Why Google Made Changes To Its Design Language

Why Google Made Changes To Its Design Language

by , Staff Writer @lauriesullivan, May 20, 2021

Why Google Made Changes To Its Design Language | DeviceDaily.com

Colors can trigger emotions, making people feel happy or sad, and prompt them to read on or make a purchase. They can influence our decisions and behavior.

Design and color act as a first impression, especially for an app or home page for a website.

Google at this year’s I/O developer event introduced a “radical new way to think about design.”

Think of a hyper-personalized approach that adapts to the user, similar to the way dynamic ads work in Google search.

The future of Google’s design language, “Material You,” shifts away from the one-size-fits-all design on phones, tablets, and computers, putting the user of these devices in control of how the software looks and feels.

Material You is the latest update to Material Design, the design language used by Google’s apps as well as third-party developers.

Material Design — which Google introduced in 2014 and which became the foundation for Google products — evolved into Material You, which creates a color palette on Android devices automatically based on the home-screen photo.

The photo becomes the color palette for the entire phone or device.

If the user sets a background with a light blue, for example, apps like Calculator and Calendar will adjust the way they appear to use blue highlights. A color will translate into tonal ranges from light to dark, supporting a variety of colors in the palette.

The relationship between colors is managed through luminosity. By calculating luminance rather than hue, Google can determine which tones can be combined successfully, considering elements such as contrast.

This color system is used across the entire interface of the device.

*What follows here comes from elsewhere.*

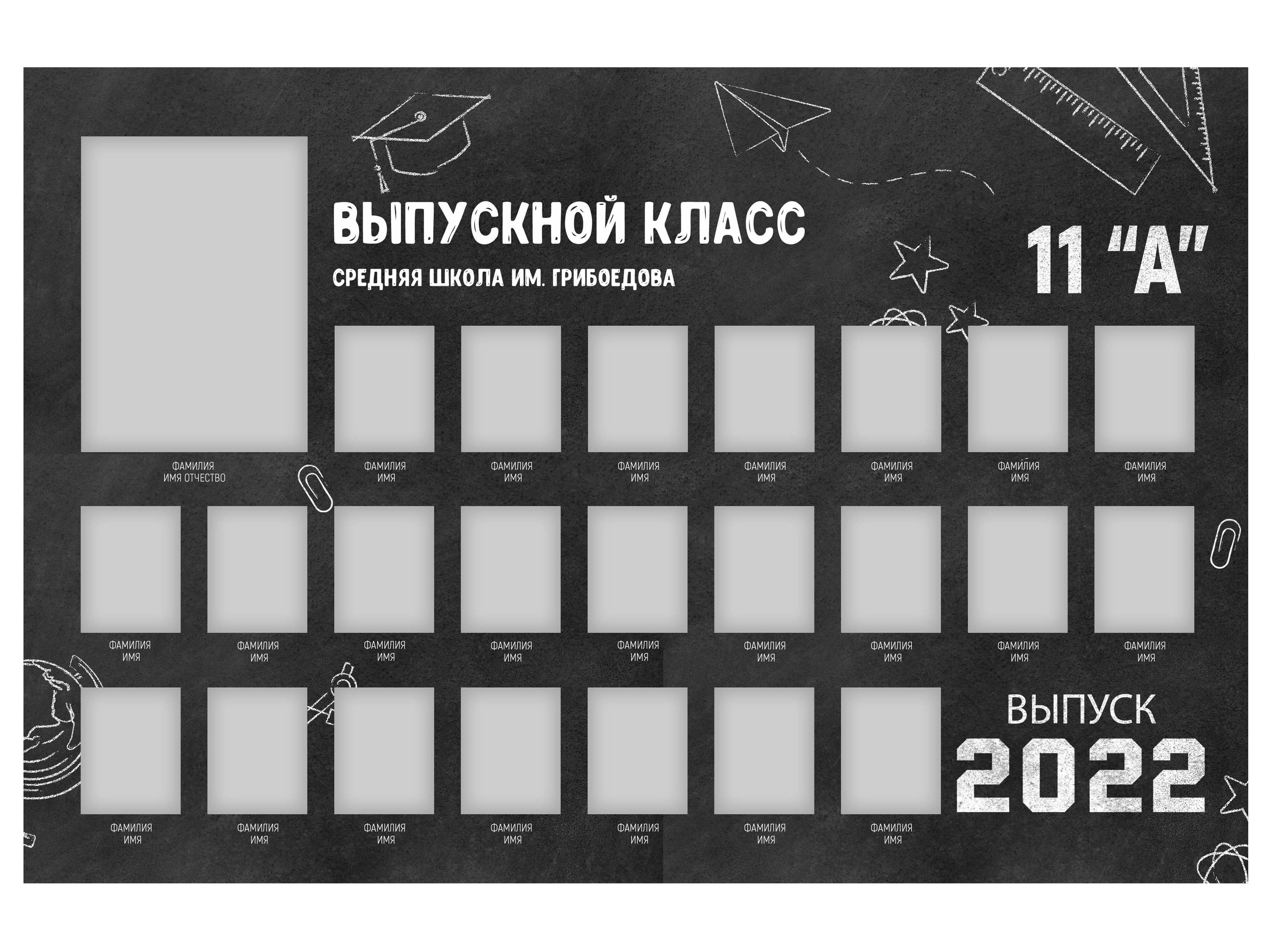 Дизайн выпускного альбома для 4 класса «Blackboard». Первенцева Елена. Школьный фотограф в Москве и МО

Think about the color highlights in a Porsche Cayenne or Ford Explorer. The dashboard enables the owner of the car to pick a color that illuminates various hues throughout the vehicles, from the color of the lights to the color in the dashboard and instrument panel.

Comfort is realized through more than color. Text also plays a role, including size and font. But rather than allowing the user to make all the choices, Material You provides a few parameters.

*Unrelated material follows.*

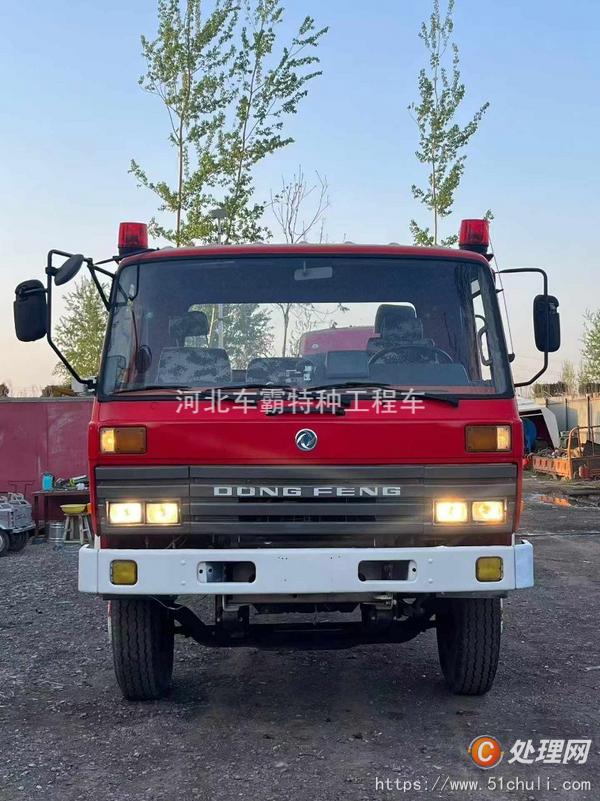二手消防車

Phones are personalized devices that consumers carry around with them wherever they go. They hold details of our lives, from the meetings we attended a year ago to the phone calls we are expected to make tomorrow.

And while marketers want to provide a personalized experience to each and every consumer who may become a customer, it is increasingly difficult because of the inability to collect and use data without the owner’s permission.  

Material You will debut with Android 12 on Pixel phones later this year.